3 Current opportunities

Research will likely continue to build on the body of work mentioned above, largely driven by rapid technology enhancements. While this alone will probably lead to incremental improvements in the understanding of player movement in team sports, access to more data also has the potential to lead to misuse and/or misinterpretation. As a result, additional attention being paid to the areas below will likely have an accelerative and perhaps more fundamental impact comparatively.

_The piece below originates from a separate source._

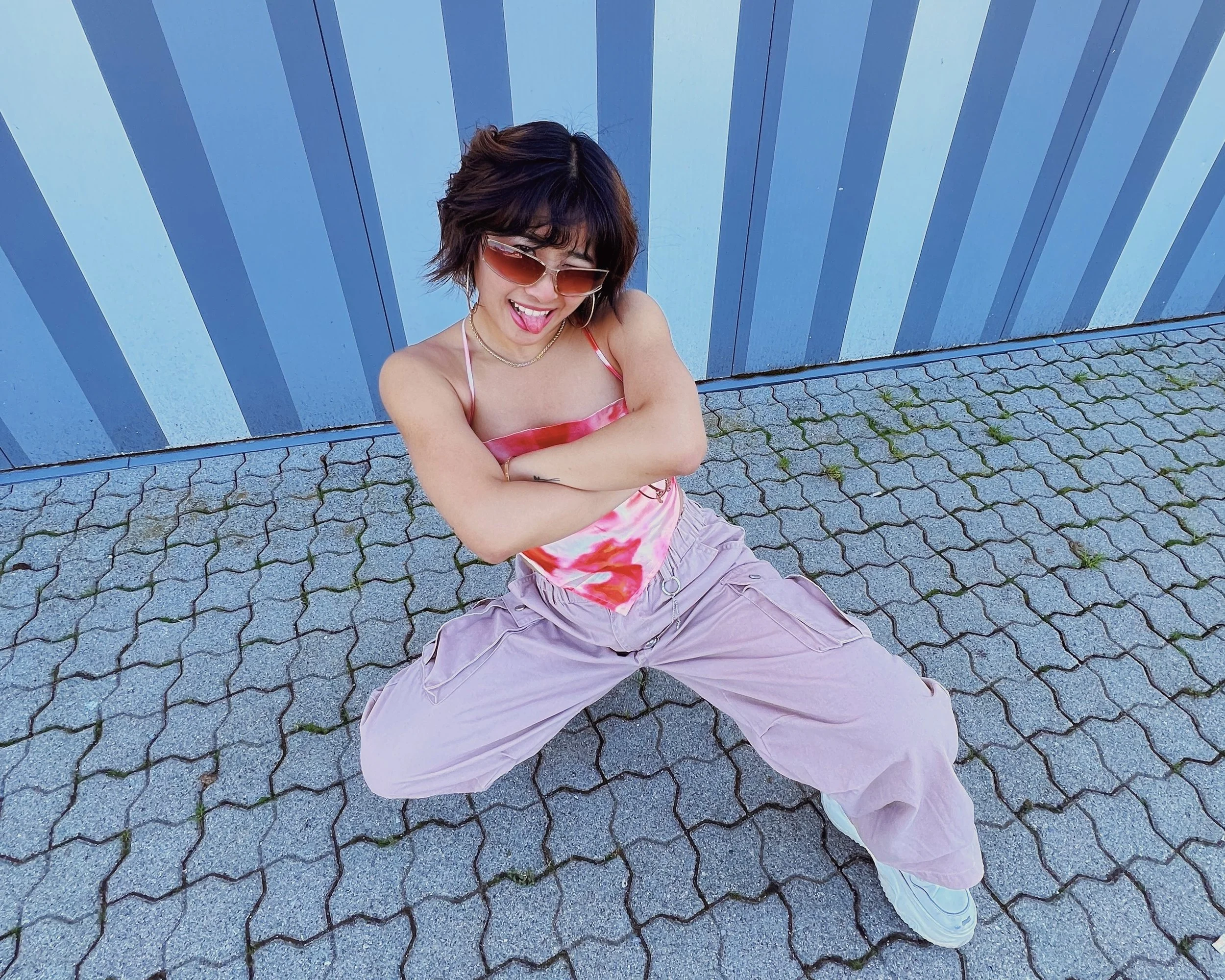 Foto der Workshopleiterin Sandy in Pose und mit Sonnenbrille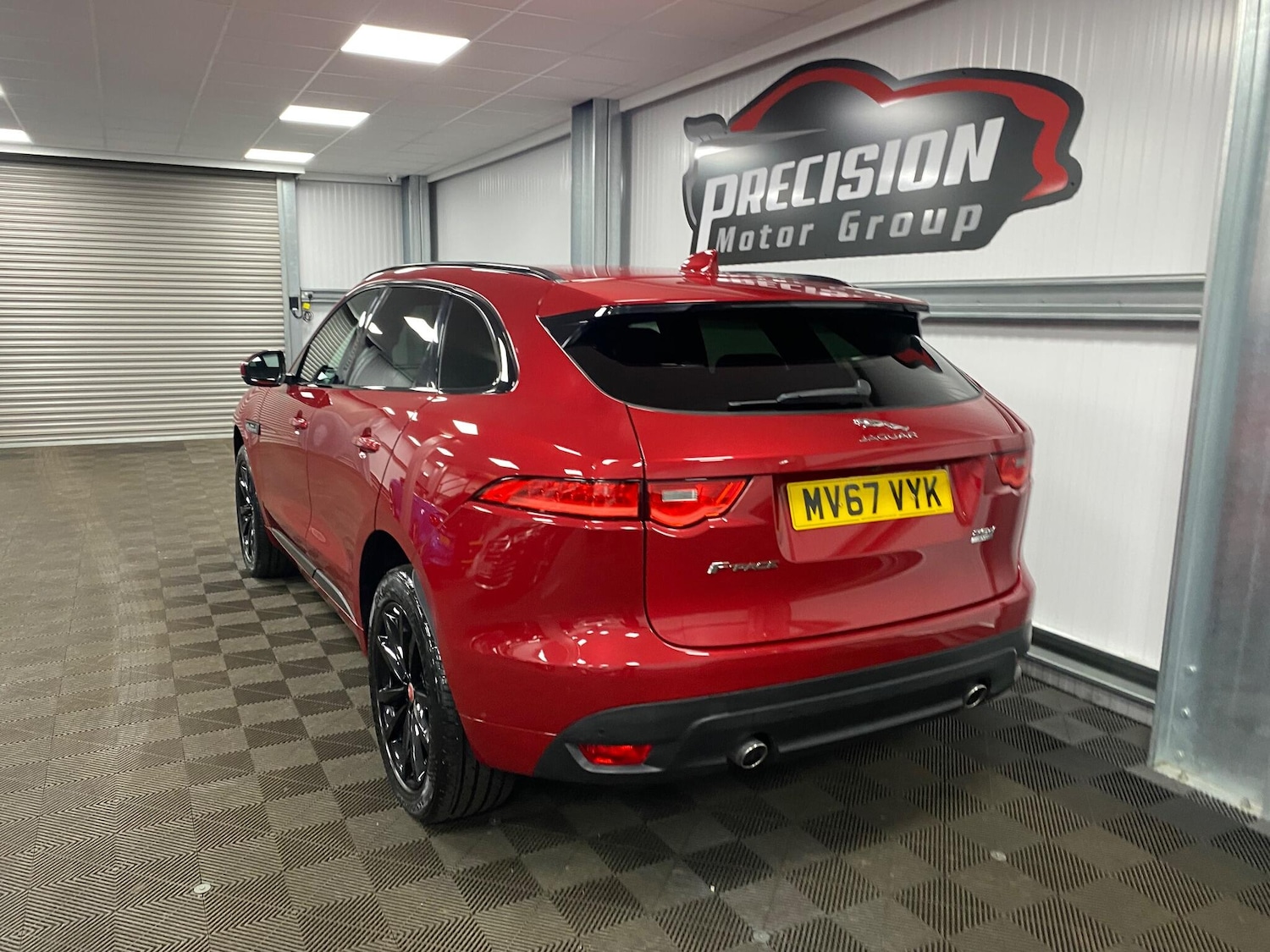 Used Jaguar F-Pace for sale - 76440453: Photo 16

Technological improvements to commercially available tracking systems have afforded the end user the ability to answer related questions in greater detail. For example, near real-time access to limb tracking enables precise rule adjudication and technique analysis. Prior to these recent improvements, the utilisation of tracking data to date has often been limited to the use of discrete representations of movement. For example, speed is captured at 10 Hz via GNSS but is often reported as an average speed over the duration of a drill. This is likely partly due to the lack of computational power to deliver outputs in a timely manner. These representations include describing the movement as a volume of running within predetermined arbitrary velocity thresholds, counts of efforts above set thresholds, and measures of intensity derived by volume and duration metrics (107, 138, 139). Such representations of movement do not consider the emergent patterns within team sports and reduce human behaviour to isolated numerical values (140, 141). While value models and rule adjudication techniques in sports routinely use continuous movement data, their benefits are yet to be fully realised in routine practice. Discrete representations of movement are easily understood and acted upon, whereas continuous data require greater computation capacity but allow for the complexity within the sport to be accounted for. For example, previous examinations of maximal periods of movement have provided a guide to infer training intensity, whereas the automation of skeletal tracking data from competition would support the development of three-dimensional representations of movement during different components of the game (e.g., fast break, one-on-one situations, etc.). This actualises the potential for real-time coaching, omnipresent monitoring, more precise training prescription, and enhanced broadcast fan engagement features.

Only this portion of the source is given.